Gleason is neither coach nor player, but something between. Only a few months removed from a long career as a hard-nosed NHL defenseman, he’s exploring an unusual new hybrid role that asks him to act like a coach on the ice and a player off of it. He’s a volunteer mentor for the Hurricanes’ young defensemen, a sounding board for the other players and, at home games, an overhead observer from the press box in communication with the Carolina bench.
He’s a guy who can relate to them, player to player. He’s still a player, really.
Canes coach Bill Peters on Tim Gleason
When the team goes on the road, Gleason stays home with his wife and three kids, all under 10. When the team is at home, Gleason comes to the arena, just as he always did, just not doing what he always did.
This new role came about at the invitation of Hurricanes general manager Ron Francis, in the same phone call when Gleason told Francis that after skating with the team for a few weeks in November, he was officially retiring. At 32, Gleason thought he could still play a little bit, but he didn’t want to play just a little bit, sitting out for weeks at a time as a seventh or eighth defenseman. He also didn’t know what he was going to do next, so Francis’ offer became a welcomed transition at what is so often a difficult time in an athlete’s life.

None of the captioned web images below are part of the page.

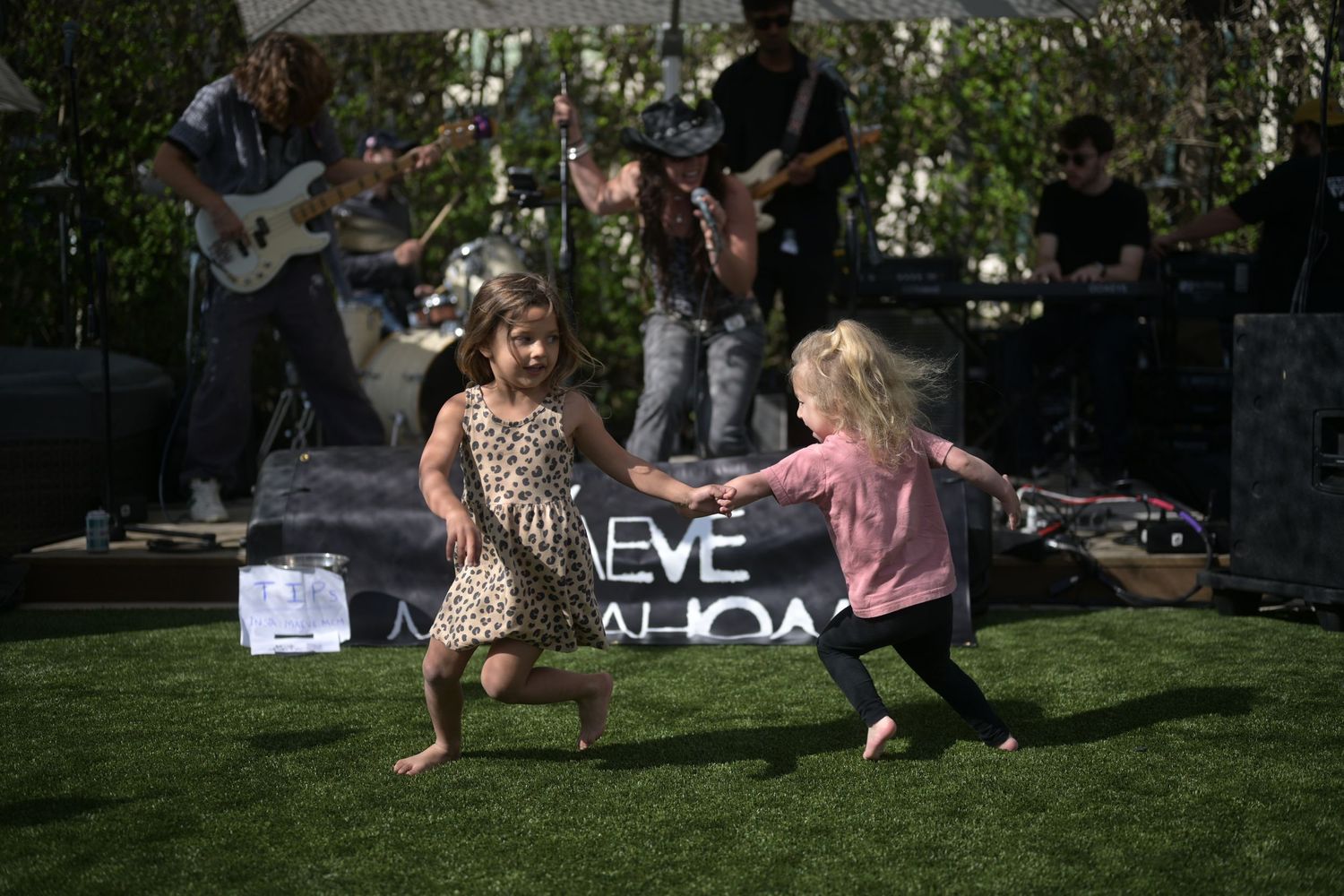 Two young girls dancing together on grass at an outdoor live music concert event.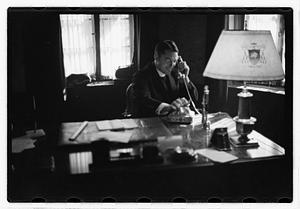 A priest on a phone call
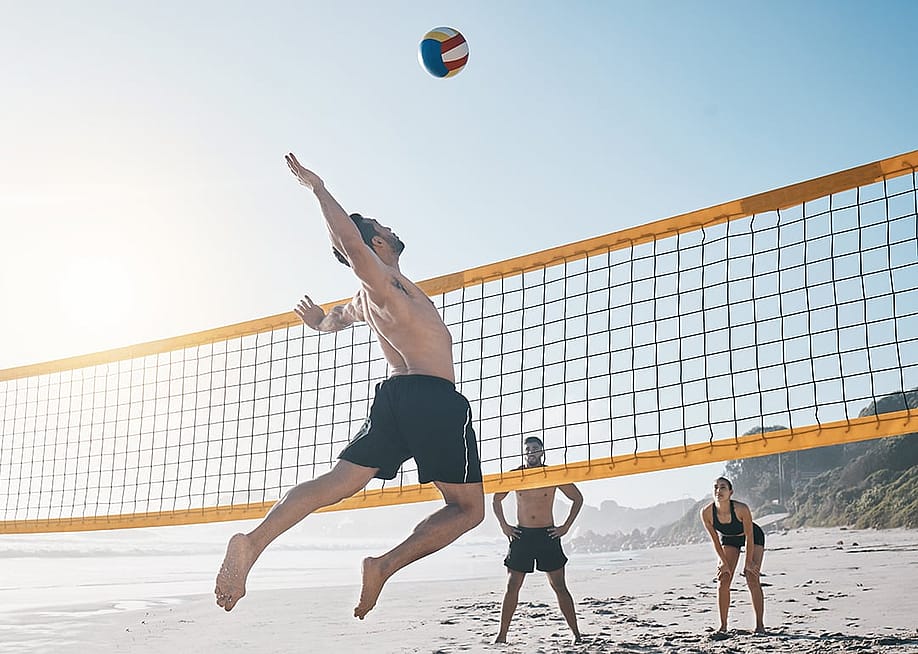 A person jumping for the ball during a beach volleyball match with friends. — PeopleImages // Shutterstock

So now Gleason lives in this netherworld where the younger players see him as a coach and his old teammates see him as a colleague. Cam Ward is one of his best friends. He played alongside Eric Staal for a decade. The Hurricanes players twice voted him the winner of the Steve Chiasson Award, their highest honor. Those relationships run deep, but that’s exactly why Peters considers Gleason so valuable.
“I’ll talk to him about a player and say, ‘Spend some time with him, do this, do that.’ And I won’t tell him what I’m trying to get out of it, and he’ll do it in a different way, so it’s not coming from me all the time,” Peters said. “It’s not in my office. And they have a lot of respect for ‘Gleas’ because of the way he played when he was in the league. He’s a guy who can relate to them, player to player. He’s still a player, really.”
This is not a permanent situation, but there’s no hurry to clarify it, either. Gleason is happy to be a part of something. He’s also ready to lace it up again, if needed. For maybe 12 or 14 minutes. And some penalty killing. But that’s all.
“A player-coach who possibly could come back as a seventh defenseman,” Gleason said. “But not skate hard. Just play in games.”
Gleason laughs. His days of skating hard, he knows, are over. The next phase of his career has begun, whatever it turns out to be.